Independent observers of the new work say the find sheds light on the processes that formed our Solar System and challenges the conventional wisdom that the Oort Cloud only holds icy comets. “It’s telling us that there was scattering and depositing of material from all over the Solar System into the Oort Cloud,” says Karen Meech, a planetary scientist at the University of Hawaii’s Institute for Astronomy.
The discovery could provide support for models that suggest objects from the asteroid belt were dispersed into the Oort Cloud soon after the Solar System’s birth 4.6 billion years ago, says Bill Bottke, a Solar System dynamicist at the Southwest Research Institute. “This is very exciting,” he says. “Now, we have to see what we can do to explain it.”

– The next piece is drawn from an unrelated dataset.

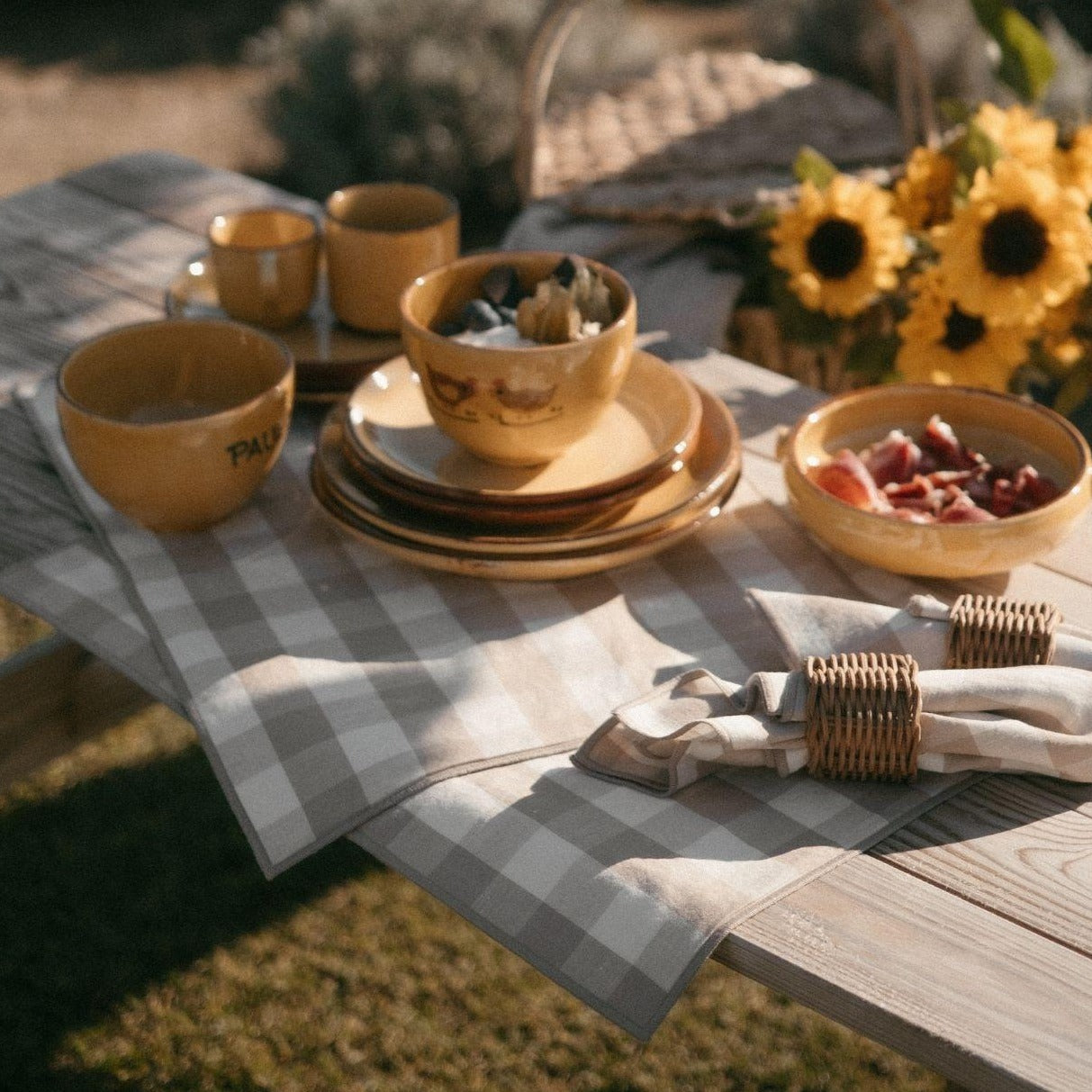 Beige Linen Tablecloth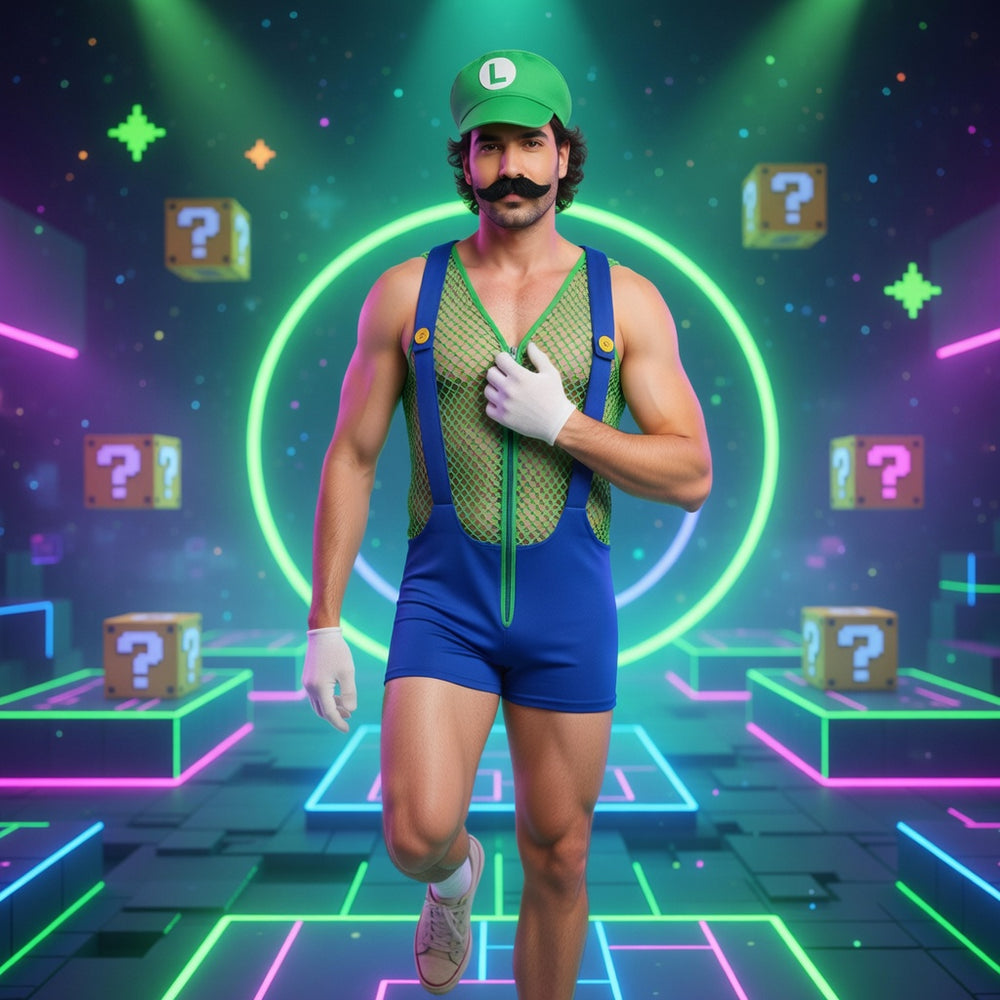 Front-facing person in green cap, mesh top, blue short overalls, and white gloves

First proposed by Dutch astronomer Jan Oort in 1950, the Oort Cloud is a spherical halo of comets that stretches out halfway to Proxima Centauri, the Sun’s nearest neighbor, well beyond the view of even the largest telescopes. “Everything we know about it is indirect,” says Denis Vida, a meteor astronomer at Western University who led the new study.
Scientists presume the Oort Cloud became populated with comets when the gravitational muscle of Jupiter and the other giant planets scattered far and wide the icy objects that were leftover from the formation of the outer Solar System. Occasionally, a passing star will gravitationally nudge an Oort Cloud object and send it plummeting into the inner Solar System. These objects are known as long-period comets, defined by their eccentric paths that take hundreds or even thousands of years to orbit the Sun.
In 2016, Meech and colleagues reported the discovery of an unusual long-period cometthat was dark and lacked a bright tail of vaporized ice. In fact, the object seemed much more like an asteroid—a clue that the Oort Cloud’s composition might not be so homogenous. Meech called it a Manx comet, after a breed of cat without a tail. Although astronomers have since detected dozens more of these comets, they have yet to definitively demonstrate that the objects are asteroids because they are so faint and fast-moving.
Now, with the Canadian fireball, researchers believe they have caught one of these rare objects crashing into Earth’s atmosphere. “It was very bright, very fast, and it left a luminous train for several seconds,” says Vida, who presented the work today at a meeting of the Division for Planetary Sciences of the American Astronomical Society.
In addition to hundreds of reports from witnesses who caught the fireball on dashboard and security cameras, Vida and his colleagues also worked with images from the Global Fireball Observatory, a network of high-precision sky cameras. Even a lightning monitor on an orbiting satellite caught the flare of the fireball. By combining these observations, the team calculated the object’s trajectory and found it had a roughly 1000-year orbit—proof it came from the Oort Cloud.
Despite its provenance, the object was distinctly uncometlike. Most cometary fireballs are fragile; they fragment and burn up high in Earth’s atmosphere. But this object, plunging at 62 kilometers per second, penetrated much deeper, Vida says, suggesting it was tough and rocky rather than icy. It also broke up in two phases at two discrete pressures–mirroring the breakup of a common kind of asteroid that drops meteorites to Earth.
Vida and colleagues turned to historical data to see whether other objects like this had been overlooked. They found that in 1979, a network of fireball cameras in Canada had tracked the demise of a 20-gram object that, like the Alberta object, was on a long-period orbit characteristic of an Oort Cloud object. It, too, fell through the atmosphere like rock, not ice. After comparing the 2021 and 1979 events with the total number of long-period comets caught by the two fireball networks, they calculated that between 1% and 20% of the Oort Cloud must be rocky.
Bottke, however, is skeptical about extrapolating from such a small number of events. He also thinks there might be a “survivability bias” toward detecting rocky objects because they’re tougher than comets, skewing the true proportion of rocky objects in the Oort Cloud toward the low end of the estimate.
But even if the Oort Cloud is just 1% rocky, it will challenge theorists to explain how these objects got there from the asteroid belt, says Alan Jackson, a planetary astronomer at Arizona State University, Tempe. He says the finding could lend support to one hypothesis called the Grand Tack, which suggests that just 3 million years after the Solar System’s birth, Jupiter swooped inward toward the Sun, nearly to Earth’s orbit, before moving back out to near to its contemporary position. “As you can imagine, in the process of doing that, it stirs stuff up”—including flinging many of the rocky objects in its path out to the Oort Cloud, Jackson says.
Like Bottke, Meech is also worried about making too much of two fireball events. But she’s eager for Vida and his colleagues to capture more of these unusual streaks on the sky. “It’s very interesting,” she says. “I’m hoping they’ll get more of them.”